## DIRECTIONS FOR THIS TASK:
Could you restate the entries below word for word and leave out the pictures?

## PROVIDED RECORDS:
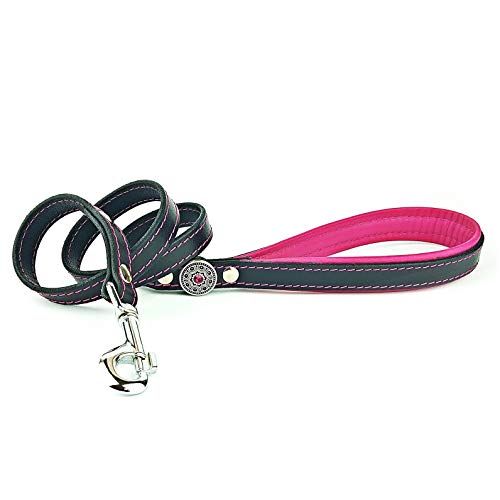 Bestia Bijou Correa de Piel auténtica para Perro. 114,3 cm de Largo, 2 cm de Ancho. Cierre Pesado. Remache decoración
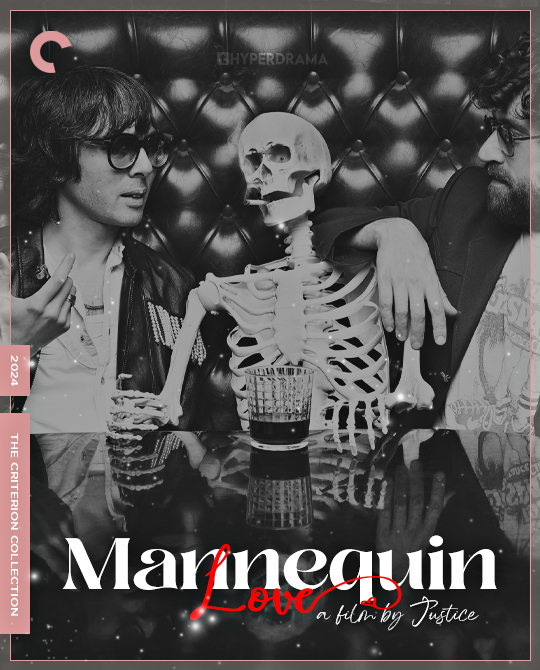 a romcom style, fake criterion poster, inspired by the song "mannequin love" by justice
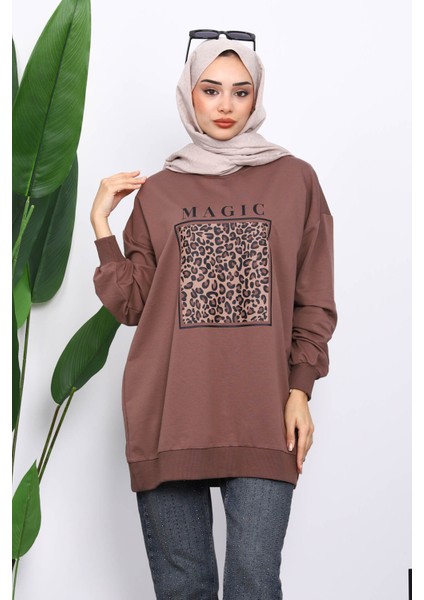 Koyuv Vizon Bisiklet Yaka Baskılı Sweat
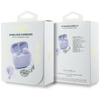 Guess Glossy Effect Printed Classic Logo & Charm - Słuchawki Bluetooth TWS + etui ładujące (lawendowy)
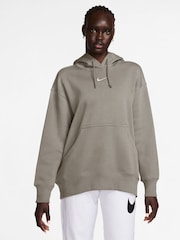 Nike College Grey Oversized Sportswear Phoenix Fleece Mini Swoosh Pullover Hoodie - Image 1 of 3
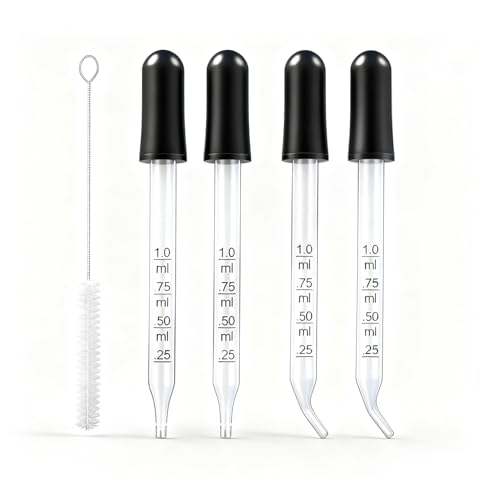Image of Eye Dropper Set for Essential Oils, Pipettes Dropper with Black Rubber Head, Calibrated Thick Glass Medicine Dropping Pipettes, 1ml Dropper Measurer, Dropper for Liquid, Straight-Tip, Bent-Tip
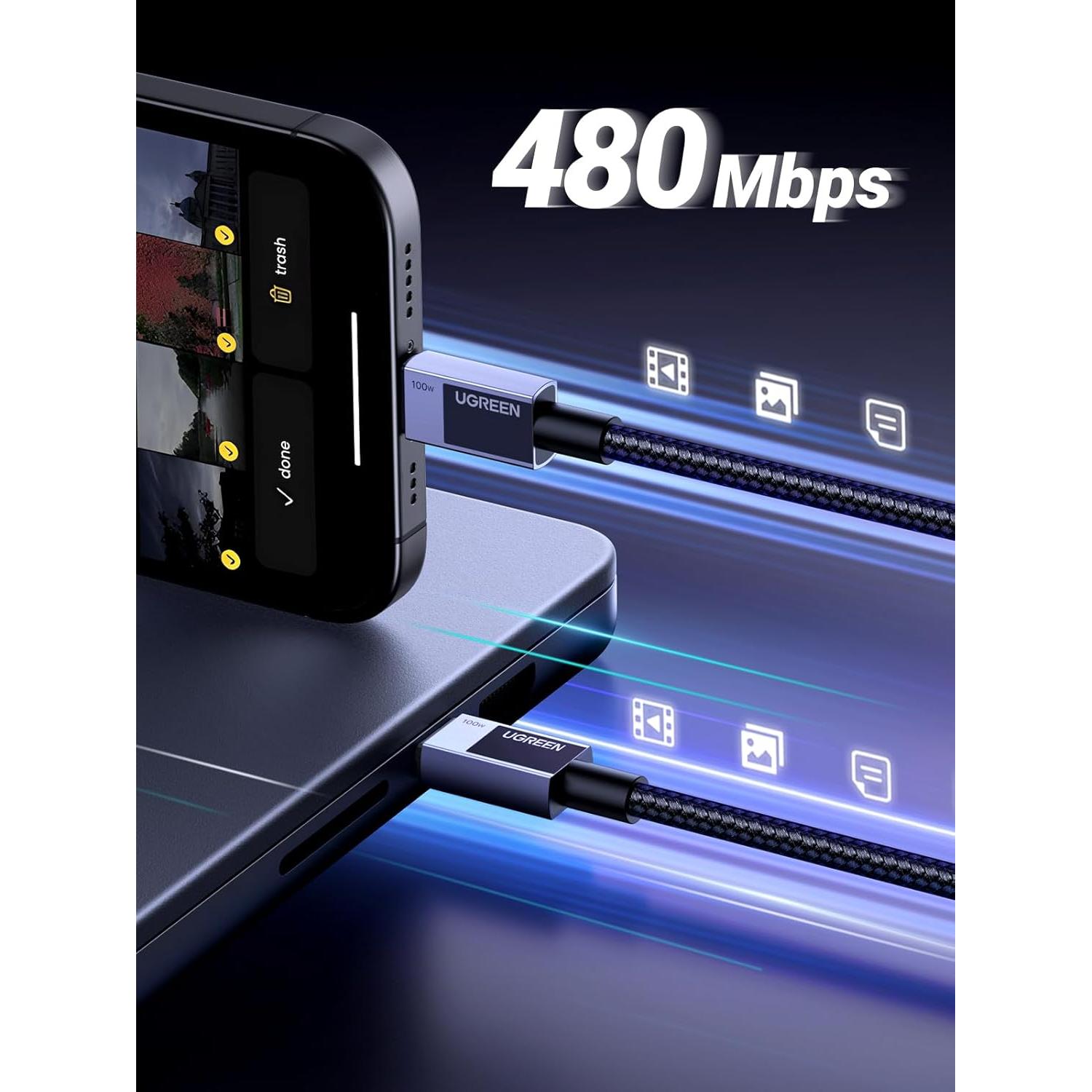 UGREEN Cable USB C 0.49m - Carga Rápida 100W para iPhone 15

## SOLVED PROBLEM:
 Bestia Bijou Correa de Piel auténtica para Perro. 114,3 cm de Largo, 2 cm de Ancho. Cierre Pesado. Remache decoración
 a romcom style, fake criterion poster, inspired by the song "mannequin love" by justice
 Koyuv Vizon Bisiklet Yaka Baskılı Sweat
 Guess Glossy Effect Printed Classic Logo & Charm - Słuchawki Bluetooth TWS + etui ładujące (lawendowy)
 Nike College Grey Oversized Sportswear Phoenix Fleece Mini Swoosh Pullover Hoodie - Image 1 of 3
Image of Eye Dropper Set for Essential Oils, Pipettes Dropper with Black Rubber Head, Calibrated Thick Glass Medicine Dropping Pipettes, 1ml Dropper Measurer, Dropper for Liquid, Straight-Tip, Bent-Tip
 UGREEN Cable USB C 0.49m - Carga Rápida 100W para iPhone 15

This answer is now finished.